The student group met weekly with a team from UPMC Enterprises that included Golden and Jim Laing, Director of Product Management. Over the course of 15 weeks, they put together a business case that UPMC Enterprises can use to further develop the features of its hcOS platform and recruit new users.
“We needed to develop our product management, business development, and marketing skills throughout the project while we learned to navigate the health care business to identify the key features and business models that would be needed to bring their technology to market,” Reim said.
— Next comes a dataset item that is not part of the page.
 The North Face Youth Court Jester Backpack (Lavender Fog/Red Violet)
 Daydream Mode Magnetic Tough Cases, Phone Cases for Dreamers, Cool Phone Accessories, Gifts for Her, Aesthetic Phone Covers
“The most rewarding part of this project was when we gave our final presentation to the team at UPMC Enterprises which was the culmination of our semester-long efforts as a capstone team,” Brenneke said. “We had a great discussion with the team and it felt good to hear their positive feedback on our work.”
Golden said that UPMC Enterprises is already taking steps to build on the students’ work. “We were able to distill a clear vision on where our offering fits among a complex sea of service providers,” he said. “We are already forming strategic relationships from the competitive analysis, pricing our initial contracts from the phased approach strategy, and iterating on our long-term vision from the various go-to-market options.”
For the students, the opportunity to work on a capstone project like this is provides key professional development. “This project gave us experience diving into a complex new industry, getting close to technology and customers, and building a roadmap for stakeholders across the business,” Reim said. “That experience helped prepare each of us to succeed in our careers.”
Derdenger noted that for all of the capstone projects, none of the students involved had experience in the industries. He aims to offer projects in a diverse set of industries so that students have the opportunity to work in an unfamiliar industry that appeals to their interests.
“Throughout my career, there will be many instances in which I will be asked to define new business opportunities in areas I may be less familiar with,” Kowalk said. “Working on this capstone project taught me how to creatively integrate my past experiences with knowledge of technology and business models used by other industries to successfully evaluate new opportunities.”